購書備忘録2005その1(今年の古本始め)
2日から3日にかけて、家族全員で妻の実家に泊まりに行った。そこでの子供たちの楽しみの一つが、駅前の「古本市場」。子供たちの目当てはゲームだが、とうぜん父も同伴し、今年の古本始めとなった。収穫は、マルキ・ド・サド『ジュスチーヌもしくは美徳の不幸』(岩波文庫)[bk1][Amazon]と渡邊昌美『中世の奇蹟と幻想』(岩波新書)。
『美徳の不幸』にはバージョンが3つあるそうで、この岩波文庫は2番目のもの。私が15年以上前に澁澤龍彦の訳で読んだ1番目のバージョンと較べると、倍ぐらいの分量があるようだ。

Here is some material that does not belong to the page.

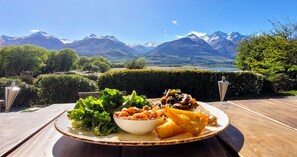 Daily cooked-to-order breakfast for a fee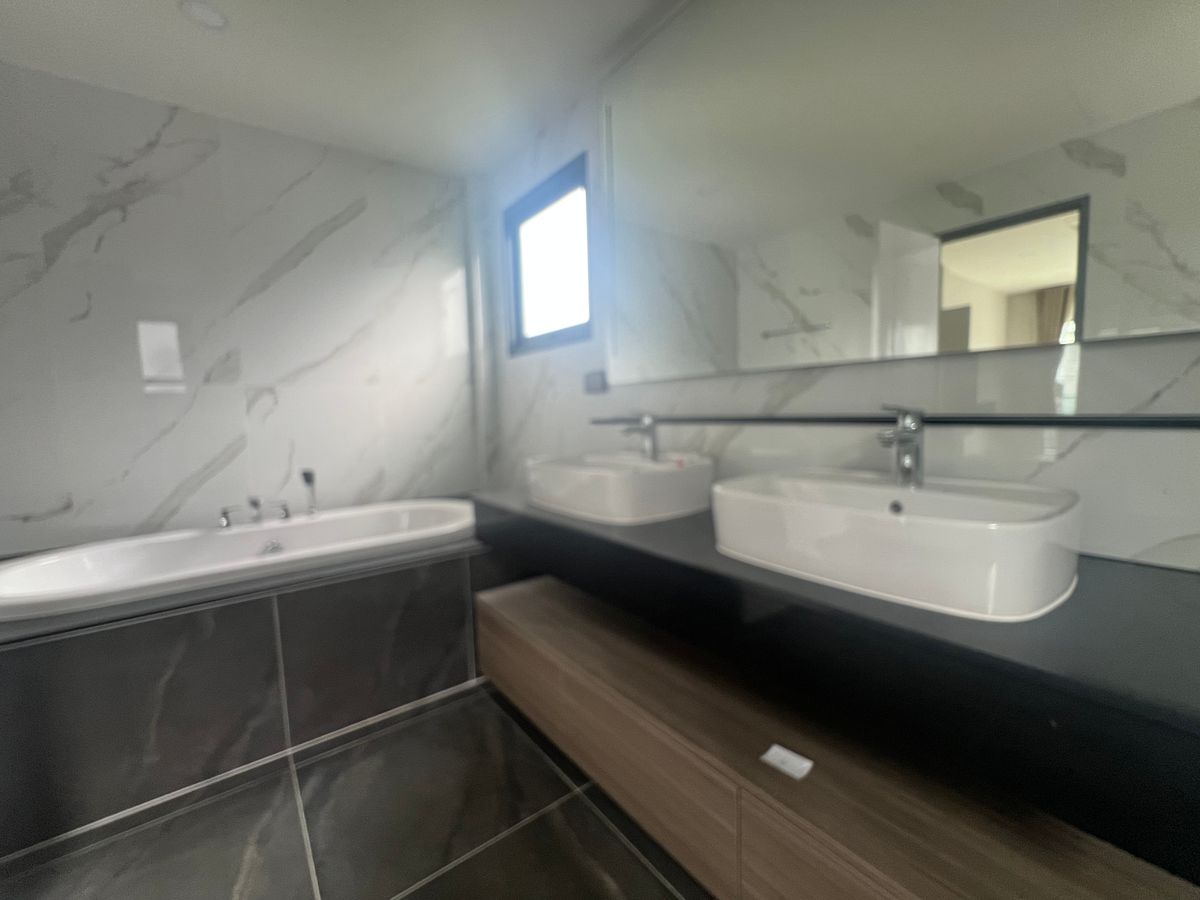 ขายบ้านลาดกระบัง สุวรรณภูมิ : บ้าน 4 ห้องนอน อ่อนนุช ใกล้รถไฟฟ้า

『中世の奇蹟と幻想』は、聖者伝や奇蹟録を読むことでヨーロッパ中世の庶民の心性を追っているエッセイ風の読み物。
さすがに妻の実家でサドは読みにくいので、『中世の奇蹟と幻想』を読んでいると、長男が話しかけてきた。
「何の本読んでんの?」
「ヨーロッパの中世、ずっと昔に起きた奇蹟について研究した本や」
「ふーん、奇蹟が起きんの」
何だか、えらくありがたみのない扱いである。無理もないか。昨日の『ULTRAMAN』みたいに、奇蹟を安売りする映画やドラマが絶えないからなあ。
息子よ、奇蹟なんて起きはしない。起きないからこそ、奇蹟なのだぞ。